**Activity**
Please retype the listing below word for word and exclude its images.

**Given data**
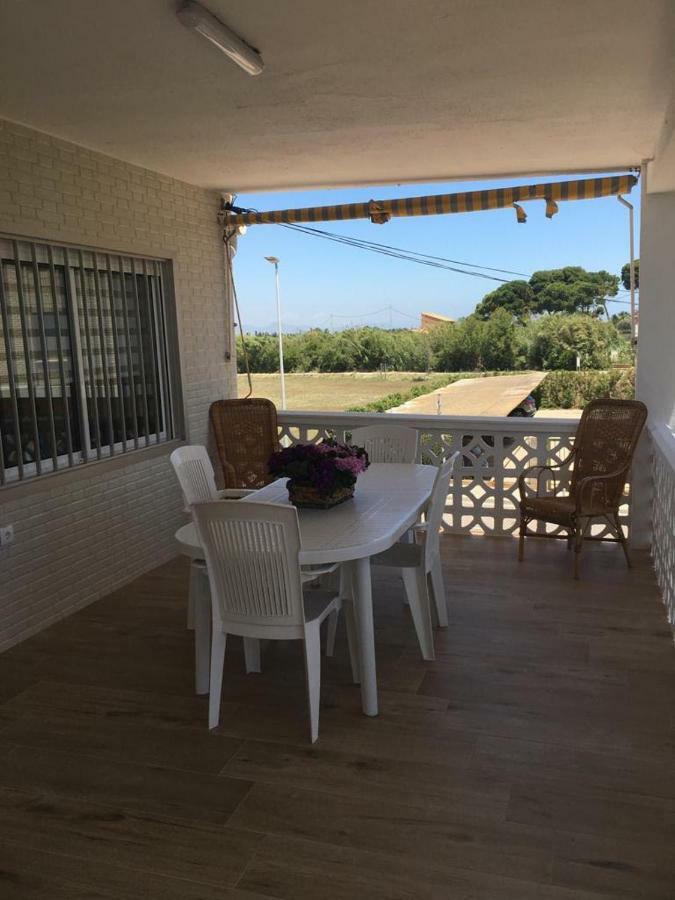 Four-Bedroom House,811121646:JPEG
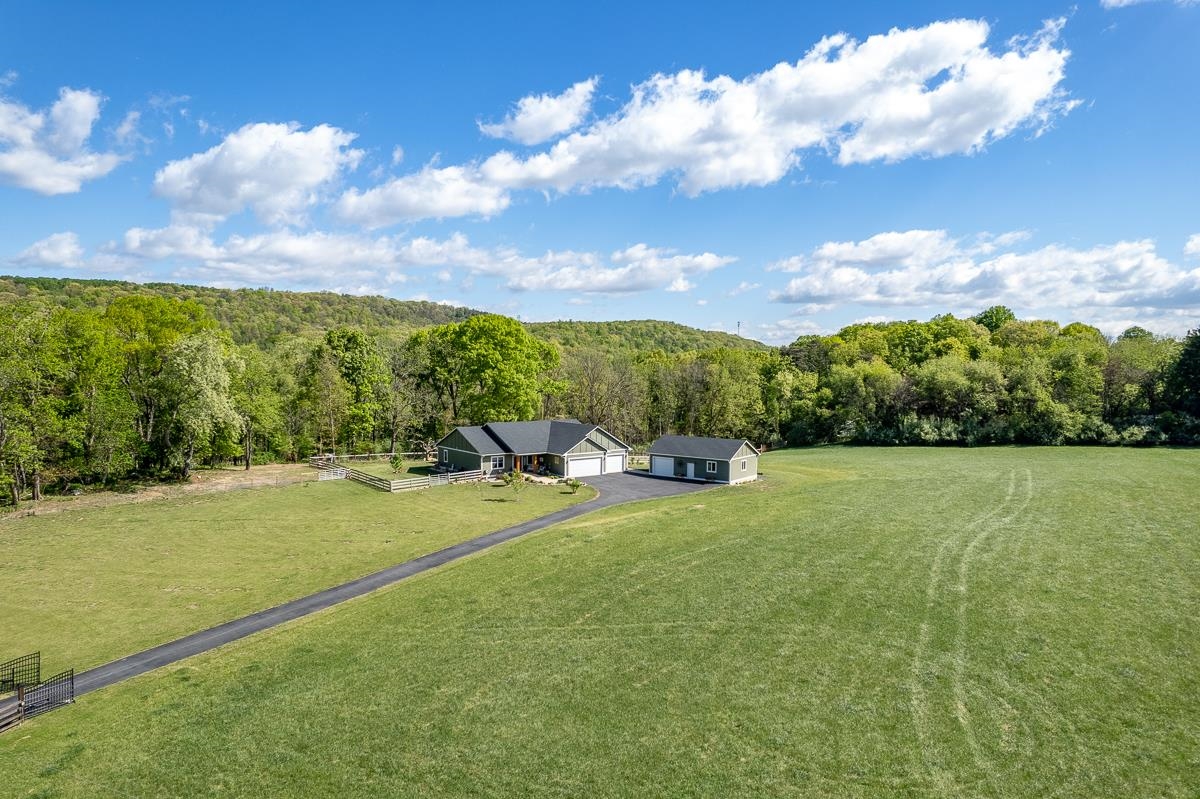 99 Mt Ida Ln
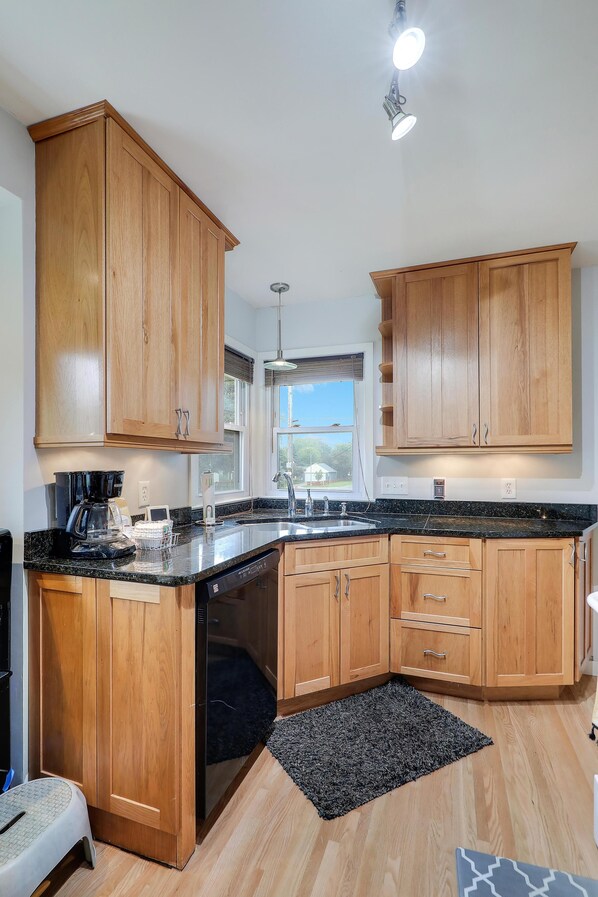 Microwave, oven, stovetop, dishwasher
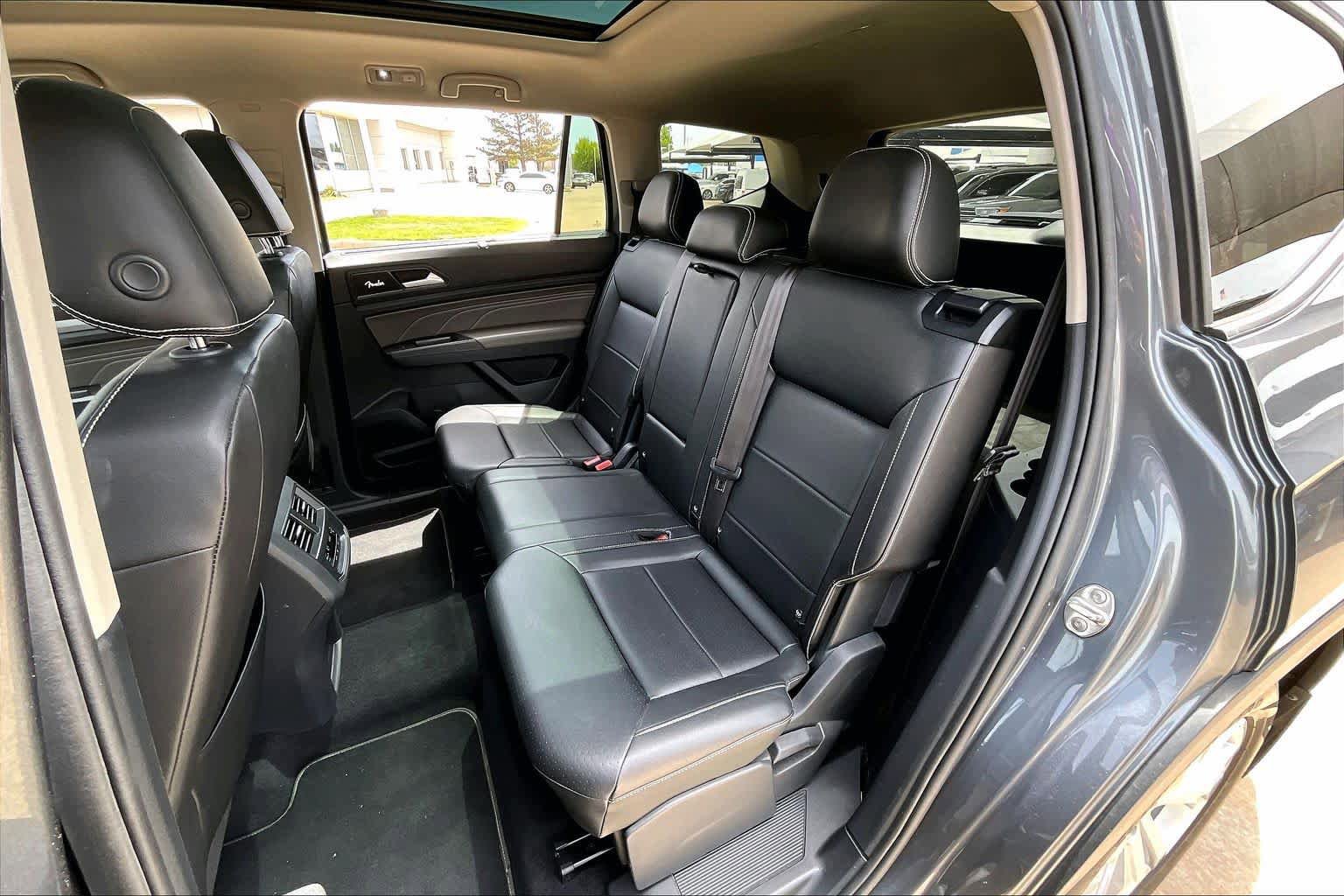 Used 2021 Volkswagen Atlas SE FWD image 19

**Expected answer**
 Four-Bedroom House,811121646:JPEG
 99 Mt Ida Ln
 Microwave, oven, stovetop, dishwasher
 Used 2021 Volkswagen Atlas SE FWD image 19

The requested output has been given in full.